Businesses are using a variety of technologies to carry out mission-critical operations in today's fast-paced and unforgiving corporate environment. To maximize performance, decision-makers need to deploy tools and applications that support the way employees want to work without introducing unnecessary complexities that will ultimately impair efficiency. Because there are so many services to choose from, enterprises need to map out their IT strategies in advance to reduce complications.
If organizations want to succeed, they need to have a strong collaboration process. This often means implementing an advanced business phone system that can be incorporated with the applications and features individuals need to complete mission-critical tasks. Beside the basic voice communication services, however, decision-makers need to deploy other interactive tools, which could include video conferencing, document management services and other technologies that make it easier for colleagues, partners and customers to share information.
A recent GigaOM report highlighted the importance of deploying technologies in the workplace that employees will actually use without encountering too many complications. After all, if enterprise deploy a communication platform with irrelevant phone system features and tools, individuals will not use the solutions appropriately, which will result in lower collaboration and overall performance levels.
GigaOM stated that companies should assess the current workplace and determine which existing services need to be replaced, augmented or thrown out. By speaking with employees and understanding what processes work and which procedures just waste time, decision-makers can take steps in the right direction to boosting efficiency.

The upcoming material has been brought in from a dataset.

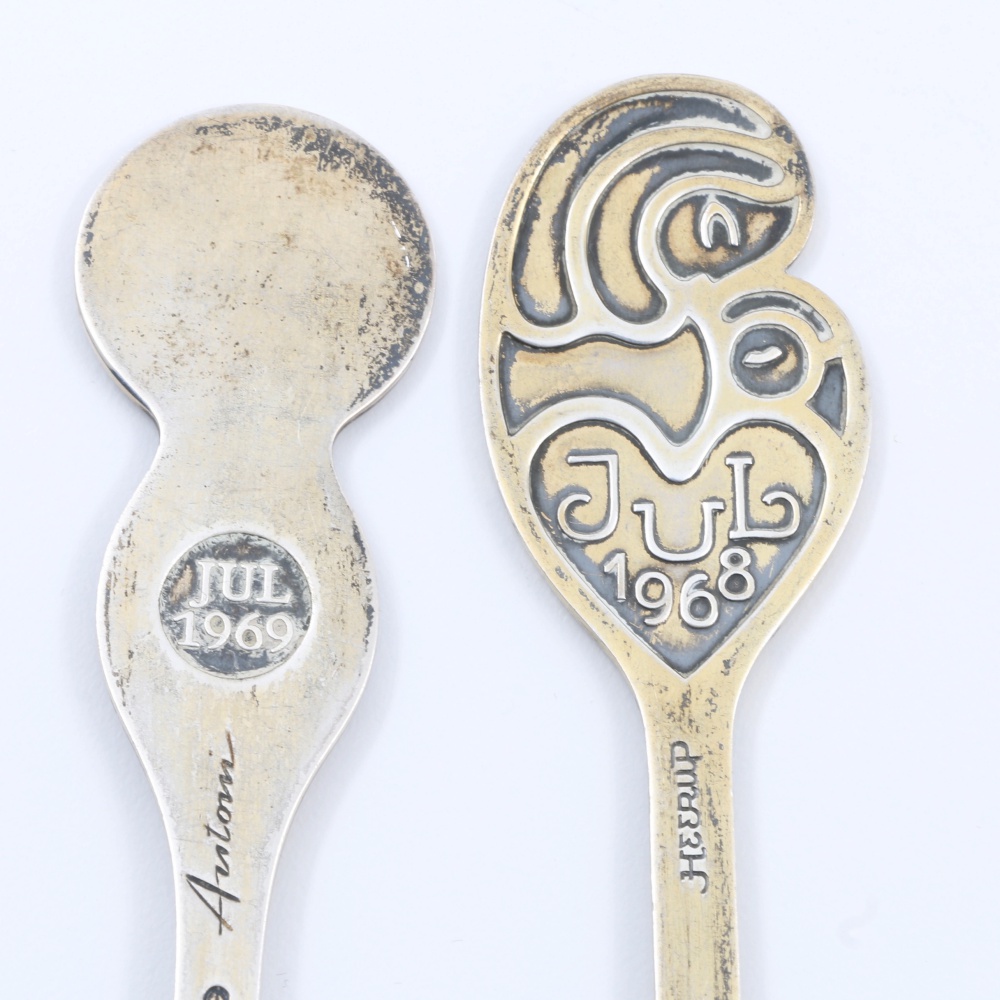 Four Vintage Danish Anton Michelsen Gold Wash Sterling Silver Spoons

"I advocate going on a ride-along … to see what they're actually doing. Spend time with them. Bring them in for focus groups," said Brian Katz, executive at the drug company Sanofi, according to GigaOM.

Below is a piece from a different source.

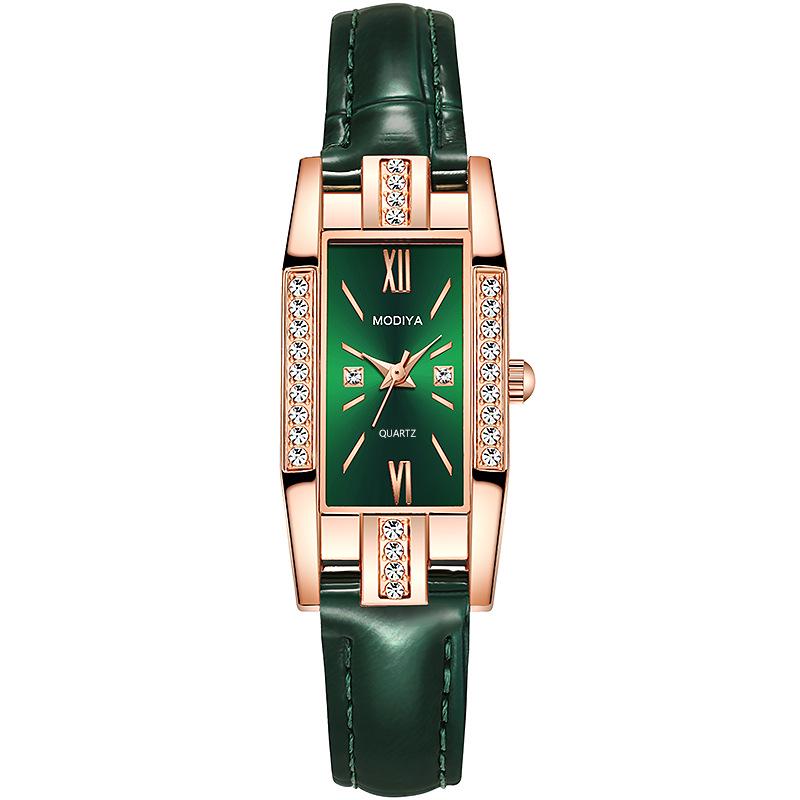 Exquisite Women's Square Dial Quartz Watch with Green Strap and Diamond Accents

Rather than blindly rolling out an application before having it approved by at least part of the workforce, executives should collaborate with employees to understand what industry trends are impacting their demands and how embracing those strategies could result in higher productivity levels. In many cases, the ongoing consumerization of IT and the adoption of mobile technologies in particular is having a major impact on the business world as a whole.
Developing a mobile plan
Enterprises should consider embracing a "mobile-first" strategy, as this will encourage companies to design applications, solutions and operations around the ongoing proliferation of smartphones, tablets and other gadgets emerging in the workplace. However, while this is important, GigaOM noted that a mobile-only strategy can be dangerous. This is largely due to the simple fact that many employees still use old phone systems because they are comfortable with doing so.
While the concept of using older office phone systems may not necessarily apply to millennials, it is still important to maintain at least some legacy solutions in the workplace to cater to the needs of older employees. At the same time, decision-makers need to understand the inevitability of the mobile landscape. A report by Gartner highlighted how the majority of information workers will be accessing critical applications via mobile devices by 2015. Although creating innovative solutions to suit these needs may be challenging, it will be increasingly important as the business world evolves.

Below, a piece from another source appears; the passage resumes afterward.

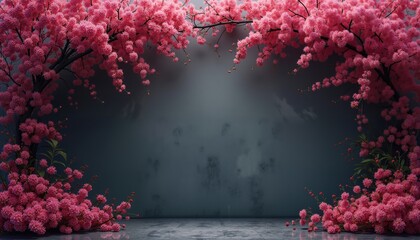 Pink cherry blossom frame around dark wall and floor. Spring floral background for product display. Generative ai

"But the growing use of mobile devices for work demands that they support video on such equipment for internal and external uses. The challenge is more than just mobility. It also concerns heterogeneity, as Gartner predicts that, by 2014, 90 percent of organizations will support corporate applications on a variety of personal devices, from conventional laptop PCs, media tablets and mobile phones to hybrid or other kinds of devices that have yet to be made widely available," said Whit Andrews, vice president and distinguished analyst at Gartner.
Andrews said keeping employees happy in today's mobile landscape means engaging them on the platforms they have chosen, regardless of whether those tools are tablets, smartphones or another device with a new operating system. Because keeping individuals happy when an organization is trying to support a robust and effective remote workforce, decision-makers need to consider embracing bring your own device. By adopting a BYOD mentality, people have the right to leverage personal gadgets in the workplace, so long as they do so while still abiding by the rules that govern the company.
Analysts predict that a number of communication and collaborative efforts will fail in the coming years because executives did not take into account varying user preferences, which leads to internal strife and lower performance levels. By planning ahead and working with trusted service providers and consulting agencies, enterprises can embrace the applications, tools and devices that their current and prospective workforces demand in order to carry out mission-critical operations. If organizations fail to take all preferences into account, they will have trouble functioning as the rest of the IT landscape moves on without them.